**Data for analysis**
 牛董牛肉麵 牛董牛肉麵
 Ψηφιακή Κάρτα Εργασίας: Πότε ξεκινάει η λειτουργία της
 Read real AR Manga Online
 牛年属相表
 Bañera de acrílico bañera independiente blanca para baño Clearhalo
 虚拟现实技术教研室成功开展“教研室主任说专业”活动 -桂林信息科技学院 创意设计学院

**Work request**
Each of the entries must be written out again exactly.

**Solution below**
 牛董牛肉麵 牛董牛肉麵
 Ψηφιακή Κάρτα Εργασίας: Πότε ξεκινάει η λειτουργία της
 Read real AR Manga Online
 牛年属相表
 Bañera de acrílico bañera independiente blanca para baño Clearhalo
 虚拟现实技术教研室成功开展“教研室主任说专业”活动 -桂林信息科技学院 创意设计学院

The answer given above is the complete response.